Let me be clear, the entire runtime of Buried takes place inside Paul’s makeshift coffin as he desperately tries to escape. Although we hear other voices on the phone as Paul talks to different people, Reynolds is the only actor on screen here. This makes for an interesting dilemma. Can a movie starring one man in a box be, gulp, exciting?
Director Rodrigo Cortés, with the help of writer Chris Sparling, create an inherently creepy and claustrophobic thrill ride that will keep you entranced. It’s hard to believe a movie about a man stuck in a box will be able to hold your attention, but it does. It moves along at a frantic pace, because Paul only has around 90 minutes of oxygen before the rest of the air inside the tiny coffin is not breathable.
The reason Buried works is two-fold. First, Cortés’ direction is brilliant. He’s able to get some unbelievable shots during Paul’s entrapment. You wouldn’t think that a human-sized box would hold many angles to film, but it does and Cortés uses them all.
The second reason why the movie succeeds is Reynolds giving what amounts to his best performance in his career. This is not a performance that any actor would take lightly, but it’s also a performance that I don’t see many actors jumping at the chance to do. Reynolds spends the entire time in a box where he can barely lift his head up, or turn over. At times during the film you actually feel like Reynolds is trapped and has no way out, even though with movie magic we always know that at least one side of that coffin isn’t attached in order to let the camera film. Reynolds breaths heavily, swears, and freaks out. Pretty much exactly what all of us would do if we found ourselves in that situation.
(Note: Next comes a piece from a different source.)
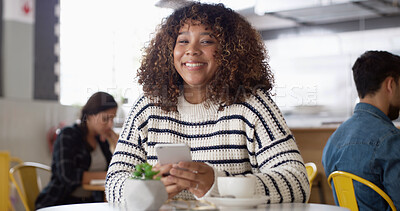 Buy stock photo Phone, coffee and portrait of woman in restaurant for online blog for hospitality review with laugh. Happy, cellphone or female influencer with cappuccino for content creation for cafe recommendation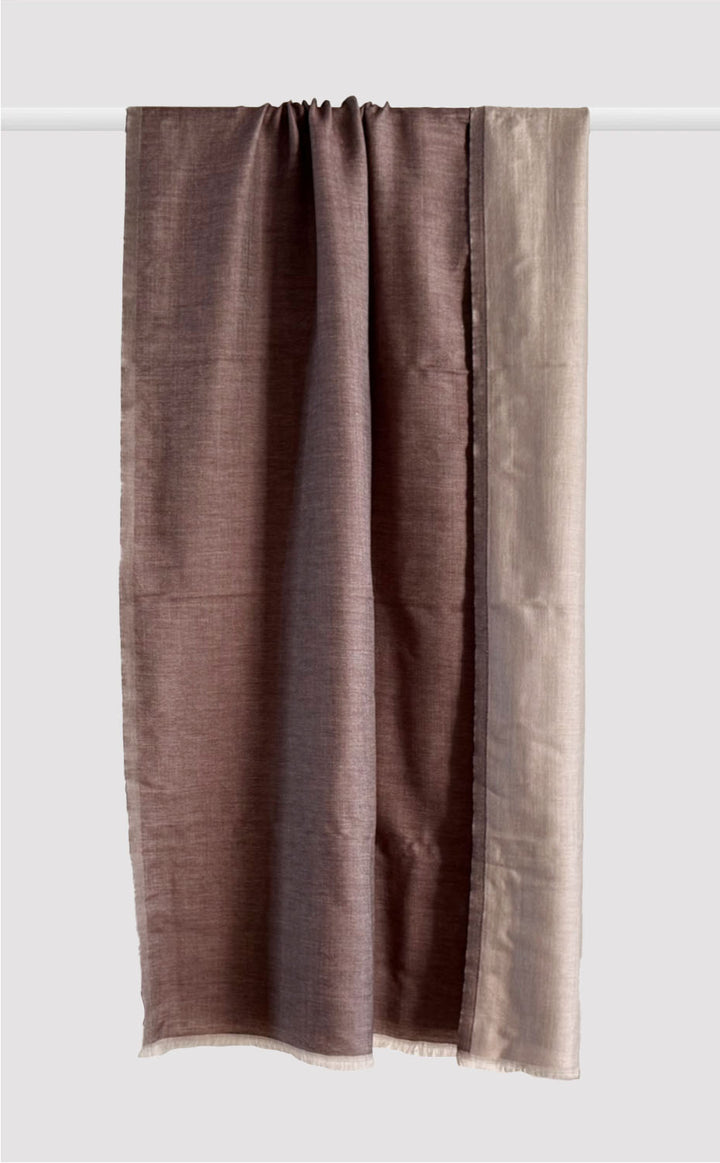 Wool Reversible Stole - Toffee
Buried is a movie that must be seen in a large, dark theater to experience the full effect. I can’t see its home video presentation harboring the same claustrophobic feeling that you get sitting in a dark theater watching a man struggle by way of fire light and cell phone glow to get out of a tiny box buried in the earth. It’s truly an exhausting movie as an audience member. You feel like you’re right there with Paul, experiencing his hopelessness and frenzy.